Loin d'apparaître comme une Thunderbird au rabais, cette nouvelle génération donne au contraire le sentiment d'un retour aux fondamentaux. Plus facile à conduire au quotidien, mieux adaptée à son époque, elle conserve la présence et l'élégance attendues d'un coupé de prestige.
🇺🇸 Une américaine toujours très américaine
À bord, Ford sait exactement à qui il s'adresse. La Thunderbird ne prétend pas rivaliser avec les coupés sportifs européens. Elle privilégie avant tout le confort de ses occupants et une atmosphère feutrée.
Les sièges moelleux, les selleries en velours ou en cuir selon les finitions, les épais tapis et l'abondance d'équipements participent à cette impression de bien-être. Climatisation, régulateur de vitesse, vitres électriques, verrouillage centralisé ou réglages assistés figurent parmi les équipements disponibles, parfois de série selon les versions.

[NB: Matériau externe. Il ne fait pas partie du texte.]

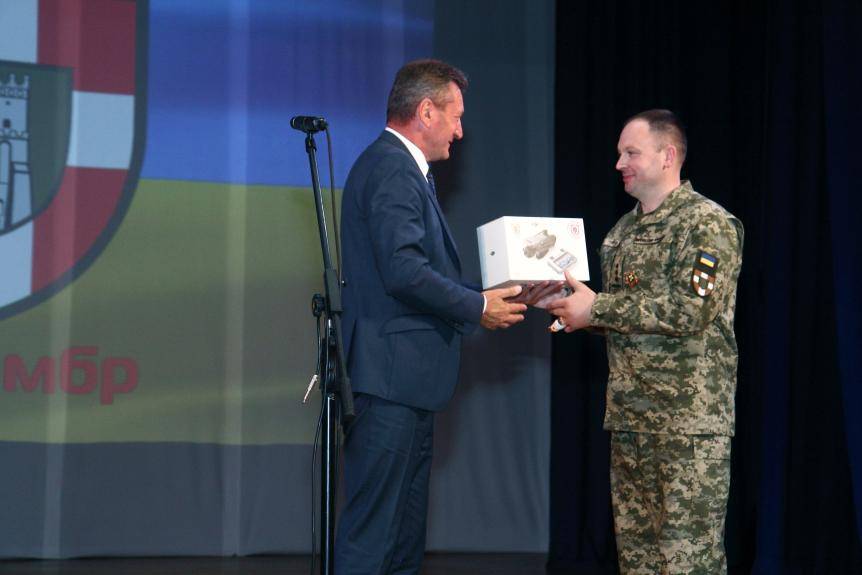 військовий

La Thunderbird demeure ainsi un symbole de réussite sociale accessible à une clientèle attachée à un certain art de vivre automobile. Plus qu'une machine à performances, elle se veut une compagne de voyage raffinée, destinée à parcourir les longues routes américaines dans le calme et la sérénité.

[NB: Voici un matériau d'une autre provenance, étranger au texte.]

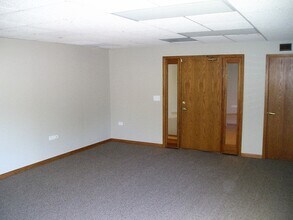 9100 Ogden Ave in Brookfield, IL - Building Photo - Building Photo
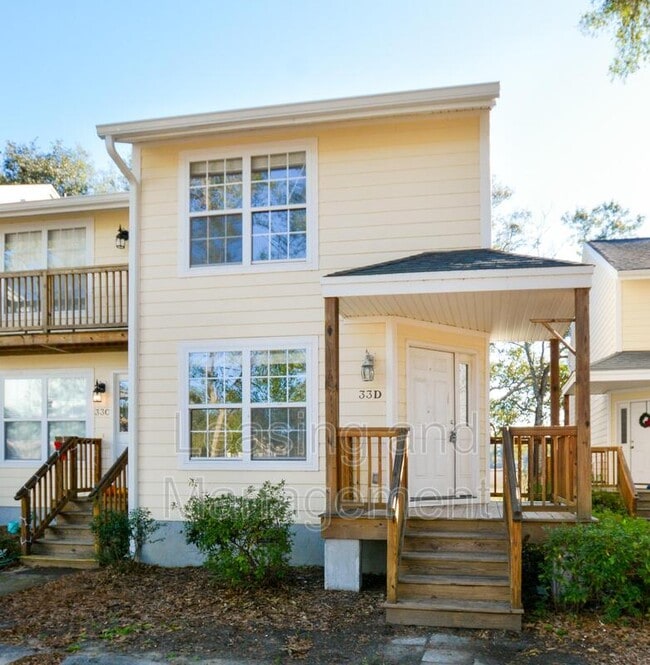 Building Photo - 33 Brockman Dr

🔧 Des mécaniques devenues plus raisonnables
L'époque des puissances démesurées appartient désormais au passé. Les normes antipollution, l'adoption des mesures SAE nettes et la recherche d'une meilleure sobriété conduisent les constructeurs américains à revoir leurs ambitions à la baisse.
La Thunderbird reçoit néanmoins plusieurs V8 fidèles à la tradition américaine. Selon les années et les marchés, les acheteurs peuvent opter pour le 302 cubic inches (5,0 litres), le 351 Windsorb (5,7 litres), le 351 Modified ou encore le 400 cubic inches de 6,6 litres.

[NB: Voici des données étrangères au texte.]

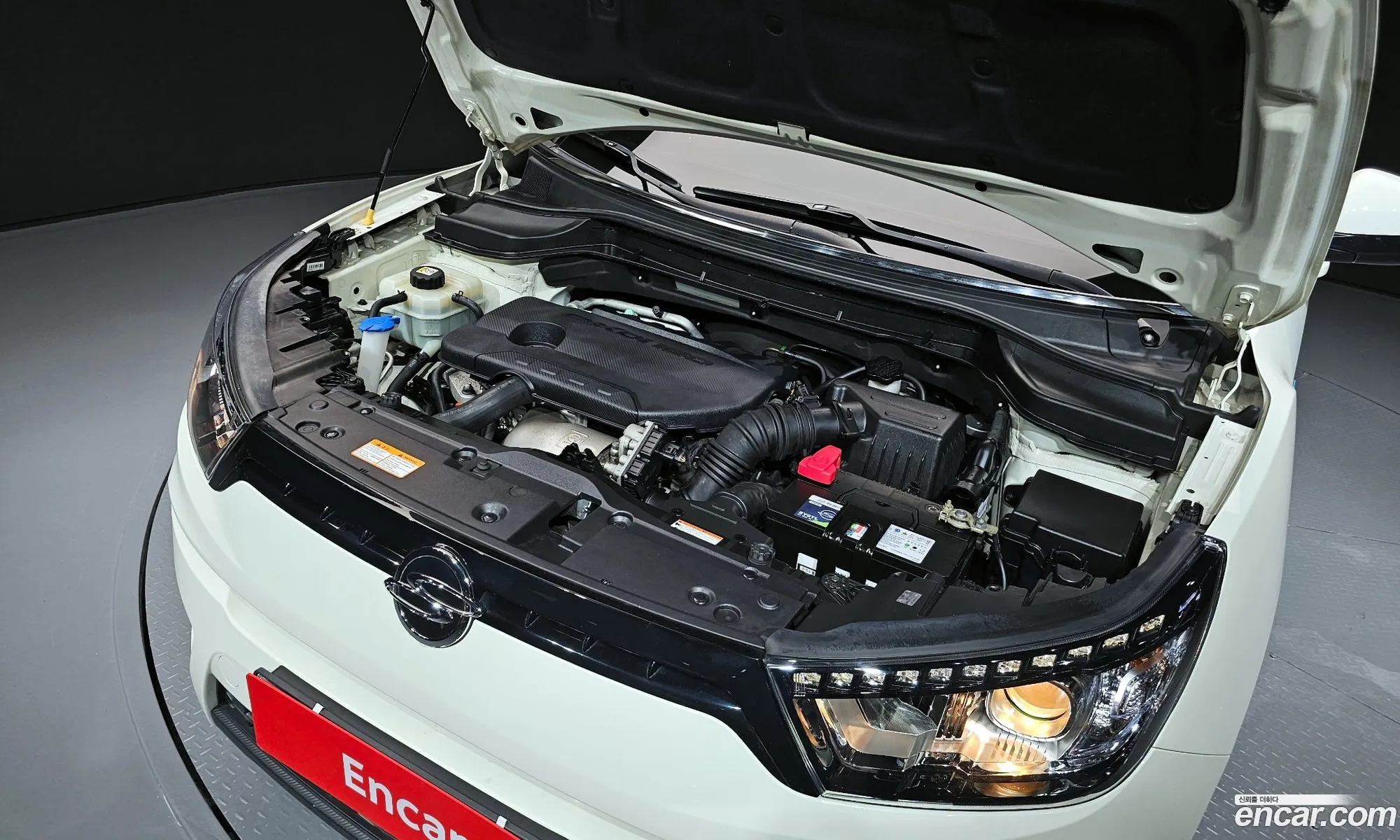 Kg Mobility Ssangyong Tivoli Diesel Lx 2Wd - фотография 7364236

Sur le papier, les chiffres paraissent modestes comparés aux cavaleries affichées une décennie plus tôt. Mais l'essentiel est ailleurs. Ces moteurs privilégient la souplesse, la disponibilité à bas régime et l'agrément de conduite. Associés à des transmissions automatiques parfaitement adaptées à leur caractère, ils correspondent aux attentes d'une clientèle davantage sensible au confort qu'aux accélérations spectaculaires.
🏆 Le triomphe inattendu
Ford espère réussir son repositionnement. Le résultat dépasse toutes les attentes.
Dès 1977, la Thunderbird rencontre un succès spectaculaire avec plus de 318 000 exemplaires produits, établissant un record absolu dans l'histoire du modèle. Les millésimes 1978 et 1979 confirment cette réussite avec des volumes de vente qui demeurent exceptionnellement élevés.
Le pari était pourtant loin d'être gagné d'avance. En réduisant les dimensions de son coupé vedette, Ford prenait le risque de décevoir une clientèle réputée conservatrice. Mais les dirigeants avaient vu juste : les automobilistes américains souhaitaient toujours du luxe et du confort, à condition qu'ils s'expriment dans un format mieux adapté aux réalités de la fin des années 1970.
La Thunderbird redevient alors la référence de la catégorie des « personal luxury cars » et prouve qu'il est possible d'évoluer sans renier son identité.
🔄 Vers une nouvelle décennie
En 1980, Ford présente une Thunderbird entièrement renouvelée. Plus compacte encore, plus aérodynamique et davantage tournée vers l'efficience, elle témoigne des profondes transformations que connaît désormais l'industrie automobile américaine.
Avec le recul, la génération 1977-1979 apparaît comme un équilibre particulièrement réussi. Suffisamment moderne pour répondre aux contraintes de son temps, elle demeure profondément attachée aux valeurs qui ont bâti la réputation du modèle : le style, le confort et cette manière très américaine de concevoir le prestige automobile. Avec presque un million d'exemplaires vendus en trois ans,
À bien des égards, elle représente une renaissance exemplaire qui justifie pleinement son surnom de « phénix de Dearborn ». Elle est ensuite remplacée par la Mk VIII qui tente de toiletter la formule.